しかし、このゲーム内にゴミは存在しない。アイテムを消費すればゴミも残さず消えてしまうし、装備が壊れることはあっても修理ができるのでゴミにはならない。
「サイゾウくん。ゴミはどれぐらい集まった?」
「えっと……。10,000,000近く集まってます」
サイゾウがログアウトしている最中もオートでゴミ集めをしていたので相当量のゴミが集まっている。
「じゃあ、さっそくゴミをリサイクルしてみてよ」
「わかり、ました」
サイゾウは巻物を消費してスキルを習得するとさっそくゴミをリサイクルしてみる。
「……一回のリサイクルでゴミ3000? 一つ一つリサイクルするわけじゃないんだ」
リサイクルのスキルを発動すると何もないところに突然リサイクルボックスが現れ、その蓋が開いた。どうやらそこにゴミを投入するとリサイクルできるらしい。
サイゾウはボックスの中にゴミを3000個投入する。するとボックスの真上の『PUSH』という青いボタンが表示された。
「押せって、ことでしょうか?」
「だろうね」
「サイゾウ殿、さっそく押してみましょうぞ。ぬふふ」
どうやら二人にもボックスやボタンは見えているようだ。サイゾウは恐る恐る空中に浮かんでいるボタンを押してみた。
ボタンを押すとボックスがガタガタと震え出し、中から何かが飛び出した。
飛び出した物の数は10個。その内容は『空き瓶』が6個に『再生紙』が2個、そして『鉄くず』が2個である。

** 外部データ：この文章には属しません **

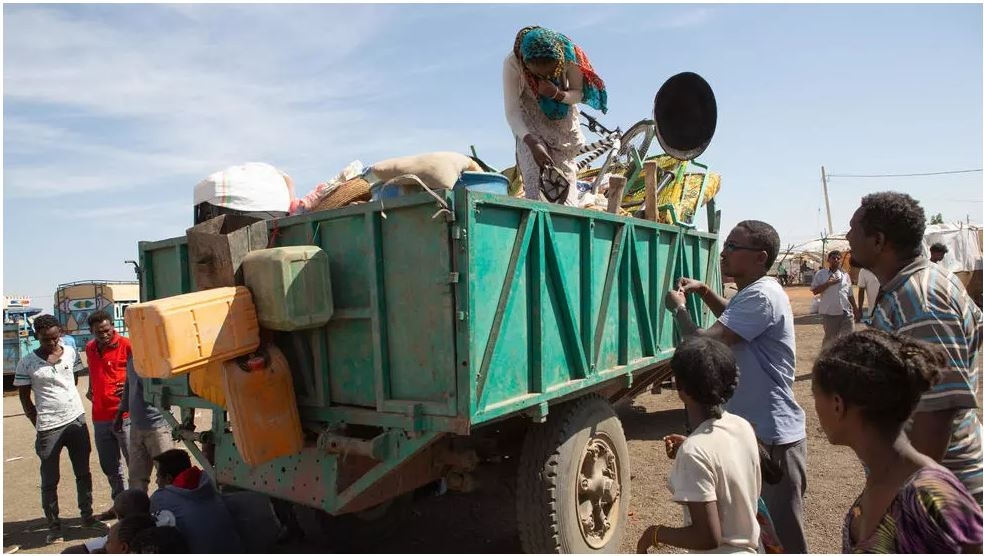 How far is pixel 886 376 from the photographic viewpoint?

「どうやらガチャみたいだ。ゴミを3000個投入するとリサイクルガチャが引ける、みたいな感じだろうね」
リサイクル10連ガチャ。どうやらゴミと言うアイテムはこのガチャを引くためのアイテムのようだ。
「あ、これ草も投入できますね」
アイテム画面を見ていたサイゾウはアイテム『草』が光っていることに気が付いた。
「草?」
「はい。草むしりをすると草が手に入るんですよ。なんとなく今まで捨てられなくて集めてましたけど、ここで使えるんですね」
少々貧乏性の気があるサイゾウは草むしりした際に手に入る草を捨てることができずに溜め込んでいた。アイテムをため込んでもボックスを圧迫することがないので、捨てる機会を失っていただけなのだが、それが功を奏したようだ。
「こっちも投入してみますね」
サイゾウは草をリサイクルボックスに投入する。するとゴミを投入した時と同じようにボタンが現れ、ボタンを押すとリサイクルボックスからアイテムが飛び出した。

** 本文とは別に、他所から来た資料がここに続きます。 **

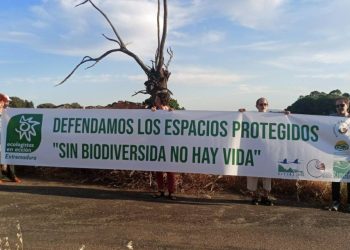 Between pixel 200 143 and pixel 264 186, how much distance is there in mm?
1361

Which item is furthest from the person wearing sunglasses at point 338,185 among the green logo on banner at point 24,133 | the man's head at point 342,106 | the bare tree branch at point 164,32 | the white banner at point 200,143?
the bare tree branch at point 164,32

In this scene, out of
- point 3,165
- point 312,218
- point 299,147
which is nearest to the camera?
point 312,218

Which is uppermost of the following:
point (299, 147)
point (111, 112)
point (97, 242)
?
point (111, 112)

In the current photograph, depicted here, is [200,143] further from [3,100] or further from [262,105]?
[3,100]

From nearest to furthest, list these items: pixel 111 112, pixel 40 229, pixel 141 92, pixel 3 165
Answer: pixel 40 229 < pixel 111 112 < pixel 3 165 < pixel 141 92

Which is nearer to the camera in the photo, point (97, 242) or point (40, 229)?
point (97, 242)

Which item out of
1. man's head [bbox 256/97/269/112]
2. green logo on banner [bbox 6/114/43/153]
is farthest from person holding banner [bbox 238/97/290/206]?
green logo on banner [bbox 6/114/43/153]

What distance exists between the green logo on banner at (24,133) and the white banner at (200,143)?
0.07 metres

「『リリ草』に『キージュ草』、あ、『世界樹の葉』も出ました」
「どれも薬の調合に使用するアイテムだね。いいじゃないか」
「世界樹の葉はレア素材ですな。これは期待が持てそうだ」
草はそれほど量がなかったので10連1回で終了。その後はゴミをリサイクルボックスに投入し続けてた。
しかし、出て来たのはほとんどが空き瓶や再生紙などのアイテムで、特にレア度の高そうなアイテムは出てこなかった。

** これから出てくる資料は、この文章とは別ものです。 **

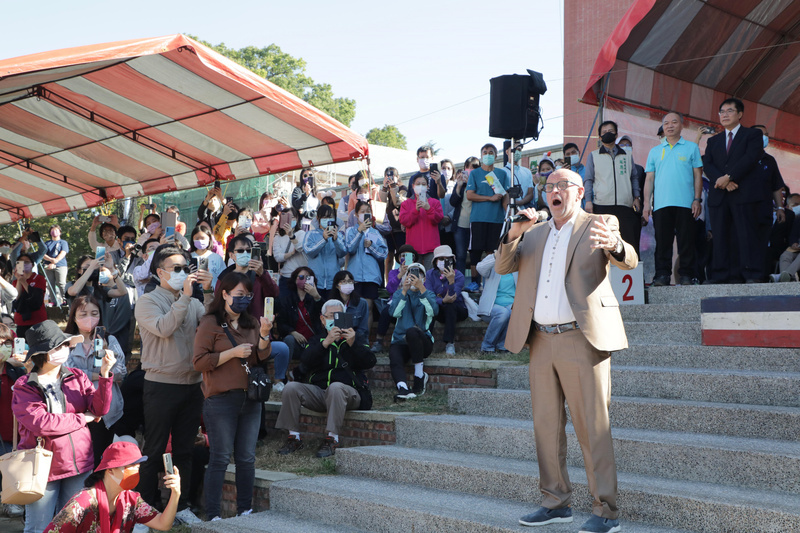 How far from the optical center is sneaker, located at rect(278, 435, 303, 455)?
6.77 metres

サイゾウたちはリサイクルを続けた。そして、大体500連ほど回した結果、ひとつだけ他とは違うアイテムを獲得することができた。
「……この『錆びた短剣』と言うのはなんでしょうか」
「リサイクルなのですから錆ぐらい取ってほしいものですなぁ」
「まったくだね」
リサイクルガチャで獲得した『錆びた短剣』。これにどんな意味があるのかわからないが、とりあえず取っておくことにした。
「今日は飽きたからこれぐらいにしておこうか」
というメフィストの何とも適当な理由でリサイクルは一旦終了。今後もゴミを集めは継続し、また今度リサイクルガチャを回すこととなった。
「そういえば、夏イベが発表されたとかなんとか」
「ん? ああ、そう言えばそんなこと言ったね」
「まあ、我々にはあまり関係のないイベントですからな」
もうすぐ夏休みだ。そして、もうすぐエデンズフォールの夏イベが始まる。